C’est donc pendant qu’il dormait à poings fermés que certains de ses amis ont avalé la soupe publique.

Messieurs les mangeurs, qui ont la gorge aussi profonde que l’estomac, n’y sont pas allés par le dos de la cuillère. A la fin, ils laissent une ardoise de 29 milliards de FCFA (excusez du peu !). On dirait qu’ils ont confondu le programme de Ladji Bourama (“Le Mali d’abord, inch Allah!”) avec un menu de Tabaski !

 

Indisposé par le bruit des casseroles, des marmites et des louches, le FMI a sifflé la fin de la récréation.
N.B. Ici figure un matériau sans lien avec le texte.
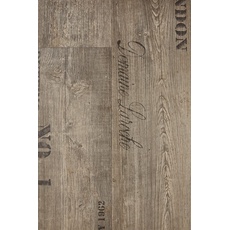 Misento PVC Bodenbelag Stabparkett Holzoptik Boden Fußboden mit Gesamtdicke von 2,8mm und Nutzschicht 0,2mm 200 x 500 cm Grau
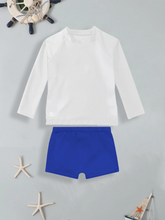 Carregar imagem no visualizador da galeria, Conjunto Blusa + Sunga Infantil com Proteção UV50 Masculino
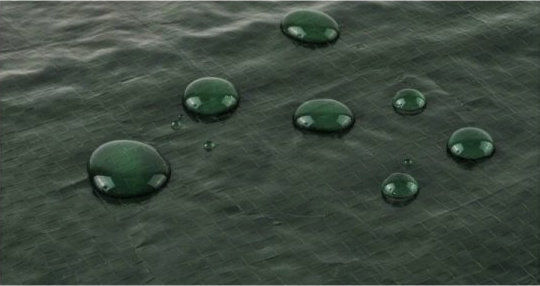 Iso Trade Waterproof Protective Dining Table Cover 240x180x100cm in Green Color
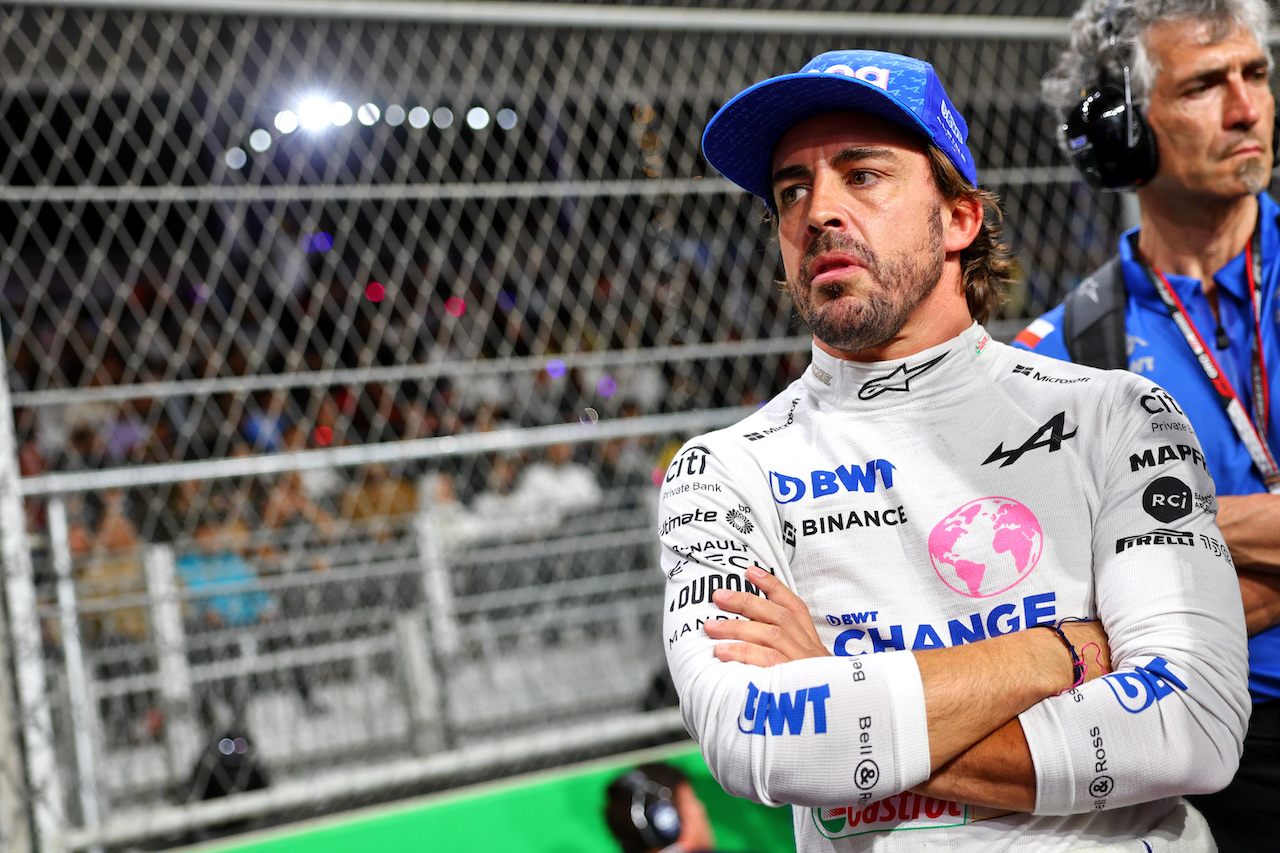 GP ARABIA SAUDITA, Fernando Alonso (ESP) Alpine F1 Team on the grid.
27.03.2022. Formula 1 World Championship, Rd 2, Saudi Arabian Grand Prix, Jeddah, Saudi Arabia, Gara Day.
- www.xpbimages.com, EMail: requests@xpbimages.com © Copyright: Batchelor / XPB Images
Les audits commandités par ce gendarme financier et exécutés par la Cour Suprême et le Bureau du Vérificateur Général se passent de commentaires. Un seul exemple suffit à décrire le mode opératoire de la troupe des mangeurs: ils ont acheté, sur les fonds publics, des milliers de chaussettes à 20. 000 FCFA l’unité. A moins qu’il ne s’agisse de chaussettes climatisées capables de rafraîchir les pieds des soldats au nord, l’addition est salée, n’est-ce pas ? Pour ne rien arranger, ces chaussettes magiques n’ont même pas permis à l’armée de garder Kidal lors des accrochages du 21 mai 2014. Au contraire, colonels et généraux ont pris la clé des champs et prétendu, pour justifier leur course olympique vers le sud, que des jihadistes à quatre cornes sont tombés du ciel ou que des cargos occidentaux ont appuyé les rebelles. Encore un effort, et un de nos fameux colonels-majors aurait vu l’Ange Gabriel sur le champ de bataille !

 

 

Bon ! Maintenant que le pot-aux-roses des 29 milliards est découvert, qui va rembourser ?
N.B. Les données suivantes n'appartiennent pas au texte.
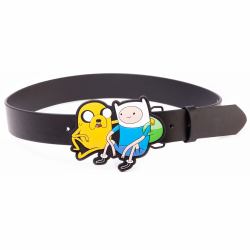 ADVENTURE TIME Black Belt with Jake & Finn 2D Buckle, Male, Medium, Multi-colour [BT0MW8ADV-M]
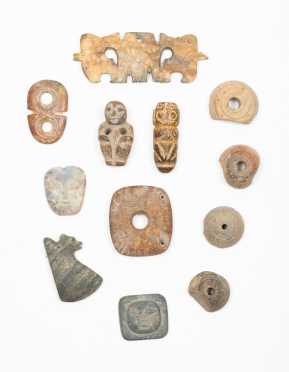 A Group of Pre Columbian Relics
Voilà la question à trois milliards de dollars azawadiens ! En effet, dans ce beau pays, les grands ont la douce habitude de s’essuyer les pieds avec la loi, notamment avec le code pénal qui punit de la prison à vie quiconque détourne 50 millions de fonds publics. Cérise sur le…festin, la centaine de magistrats et de policiers du très pompeux pôle économique et financier de Bamako perdent soudain la vue et l’ouïe chaque fois qu’un haut dignitaire est pris la main dans le sac. Un adage court d’ailleurs les rues maliennes: “Si vous voulez manger l’argent public sans risques, mangez gros car seuls les gagne-petit et le menu frétin comparaissent devant les juges d’assises“.

 

Dans l’affaire présente, j’incline à croire qu’il y aura une brève chasse au petit gibier et que la boucle sera bouclée.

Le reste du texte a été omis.